ISMS.online helps you maintain ongoing control over how PII is processed across your organisation:
- Processing activity register — Map every processing activity to its documented purpose with clear scope boundaries, making proportionality visible at a glance
- Scheduled review cycles — Set automated review reminders for each processing activity so that scope creep is caught early
- Role-based access controls — Enforce technical limits on who can process PII for which purposes, aligning system access with documented processing scope
- Decommissioning workflows — Track the cessation of processing activities through to completion, including evidence of data disposal
- Compliance dashboards — See at a glance which processing activities are due for review, which have been approved and which have open action items
FAQs
How is “limit processing” different from “limit collection”?

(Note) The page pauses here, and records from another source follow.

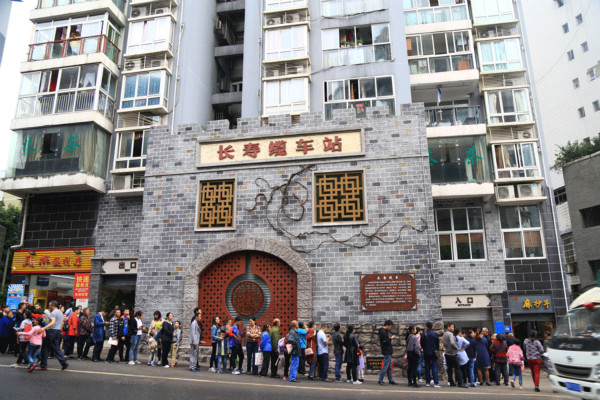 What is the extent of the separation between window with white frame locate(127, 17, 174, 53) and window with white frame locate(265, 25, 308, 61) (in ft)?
16.4

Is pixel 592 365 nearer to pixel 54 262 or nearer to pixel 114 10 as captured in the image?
pixel 54 262

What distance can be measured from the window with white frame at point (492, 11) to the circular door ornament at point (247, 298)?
17475 millimetres

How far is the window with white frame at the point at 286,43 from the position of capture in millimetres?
21953

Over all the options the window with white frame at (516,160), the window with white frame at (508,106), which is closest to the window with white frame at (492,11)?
the window with white frame at (508,106)

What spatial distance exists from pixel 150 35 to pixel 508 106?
17996mm

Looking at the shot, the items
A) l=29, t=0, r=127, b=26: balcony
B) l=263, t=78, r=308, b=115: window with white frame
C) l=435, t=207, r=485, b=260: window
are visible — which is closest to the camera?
l=435, t=207, r=485, b=260: window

Collection limitation (A.1.4.2 Limit Collection) governs what PII enters the organisation. Processing limitation (A.1.4.3) governs what happens to PII after it has been collected, including storage, analysis, transfer, reporting and any other operation performed on the data. Both are needed because an organisation may collect the right data but then use it for purposes beyond what was originally documented.
What practical steps prevent processing scope creep?

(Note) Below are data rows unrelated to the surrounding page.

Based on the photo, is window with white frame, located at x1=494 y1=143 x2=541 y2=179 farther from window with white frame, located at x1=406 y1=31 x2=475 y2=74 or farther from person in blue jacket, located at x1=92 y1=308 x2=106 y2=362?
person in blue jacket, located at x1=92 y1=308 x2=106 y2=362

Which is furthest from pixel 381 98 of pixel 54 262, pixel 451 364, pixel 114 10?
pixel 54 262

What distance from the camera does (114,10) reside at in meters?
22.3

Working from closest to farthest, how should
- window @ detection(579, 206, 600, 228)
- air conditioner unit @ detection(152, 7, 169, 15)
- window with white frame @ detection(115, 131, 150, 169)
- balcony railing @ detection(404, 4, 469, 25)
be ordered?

Effective measures include: requiring a change request and privacy assessment before any new use of existing PII; implementing role-based access so that only authorised personnel can process PII for approved purposes; conducting periodic reviews of processing activities against documented purposes; and maintaining processing logs that can be audited for unusual or unauthorised activity.
Does this control apply to PII stored in backups?
Yes. Backup storage is a form of processing. If PII is retained in backups beyond the period necessary for the stated purpose, the organisation should have documented justification (such as business continuity or legal retention requirements) and appropriate access controls. When the retention justification expires, PII in backups should be addressed through your disposal procedures under A.1.4.9 Disposal.